Halil did not trouble his head in the least about all this gossip. It was noticed, indeed, that his face was somewhat paler than it used to be, but if anyone ventured to jest with him on the subject, face to face, he was very speedily convinced that Halil's arms, at any rate, were no weaker than of yore.

One day he was sitting, as usual, at the door of his booth, paying little attention to the people coming and going around him, and staring abstractedly with wide and wandering eyes into space, as if his gaze was fixed upon something above his head, when somebody who had approached him so softly as to take him quite unawares, very affectionately greeted him with the words:

"Well, my dear Chorbadshi, how are you?"

Patrona looked in the direction of the voice, and saw in front of him his mysterious guest of the other day—the Greek Janaki.

"Ah, 'tis thou, musafir! I searched for you everywhere for two whole days after you left me, for I wanted to give you back the five thousand piastres which you were fool enough to make me a present of. It was just as well, however, that I did not find you, and I have long ceased looking for you, for I have now spent all the money."

"I am glad to hear it, Halil, and I hope the money has done you a good turn. Are you willing to receive me into your house as a guest once more?"

"With pleasure! But you must first of all promise me two things. The first is, that you will not contrive by some crafty device to pay me something for what I give you gratis; and the second is, that you will not expect to stay the night with me, but will wander across the street and pitch your tent at the house of my worthy neighbour Musli, who is also a bachelor, and mends slippers, and is therefore a very worthy and respectable man."

"And why may I not sleep at your house?"

"Because you must know that there are now two of us in the house—I and my slave-girl."

"That will not matter a bit, Halil. I will sleep on the roof, and you take the slave-girl down with you into the house."

"It cannot be so, Janaki! it cannot be."

"Why can it not be?"

"Because I would rather sleep in a pit into which a tiger has fallen, I would rather sleep in the lair of a hippopotamus, I would rather sleep in a canoe guarded by alligators and crocodiles, I would rather spend a night in a cellar full of scorpions and scolopendras, or in the Tower of Surem, which is haunted by the accursed Jinns, than pass a single night in the same room with this slave-girl."
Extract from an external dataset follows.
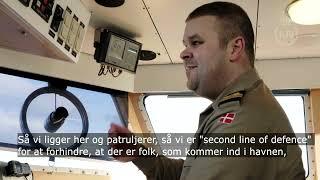 På øvelse med Marinehjemmeværnet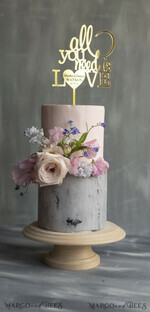 CAKE TOPPER gold cake topper, elegant cake topper3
"Why; what's this, Halil? you fill me with amazement. Surely, it cannot be that you are that Mussulman of whom all Pera is talking?—the man I mean who purchased a slave-girl in order to be her slave?"

"It is as you say. But 'twere better not to talk of that matter at all. Those five thousand piastres of yours are the cause of it; they have ruined me out and out. My mind is going backwards I think. When people come to my shop to buy wares of me, I give them such answers to their questions that they laugh at me. Let us change the subject, let us rather talk of your affairs. Have you found your daughter yet?"

It was now Janaki's turn to sigh.

"I have sought her everywhere, and nowhere can I find her."

"How did you lose her?"

"One Saturday she went with some companions on a pleasure excursion in the Sea of Marmora in a sailing-boat. Their music and dancing attracted a Turkish pirate to the spot, and in the midst of a peaceful empire he stole all the girls, and contrived to dispose of them so secretly that I have never been able to find any trace of them. I am now disposed to believe that she was taken to the Sultan's Seraglio."

"You will never get her out of there then."

Janaki sighed deeply.

"You think, then, that I shall never get at her if she is there?" and he shook his head sadly.

"Not unless the Janissaries, or the Debejis, or the Bostanjis lay their heads together and agree to depose the Sultan."

"Who would even dare to think of such a thing, Halil?"

"I would if my daughter were detained in the harem against her will and against mine also. But that is not at all in your line, Janaki. You have never shed any blood but the blood of sheep and oxen, but let me tell you this, Janaki: if I were as rich a man as you are, trust me for finding a way of getting my girl out of the very Seraglio itself. Wealth is a mightier force than valour."

"I pray you, speak not so loudly. One of your neighbours might hear you, and would think nothing of felling me to the earth to get my money. For I carry a great deal of money about with me, and am always afraid of being robbed of it. In front of the bazaar a slave is awaiting me with a mule. On the back of that mule are strung two jars seemingly filled with dried dates. Let me tell you that those jars are really half-filled with gold pieces, the dates are only at the top. I should like to deposit them at your house. I suppose your slave-girl will not pry too closely?"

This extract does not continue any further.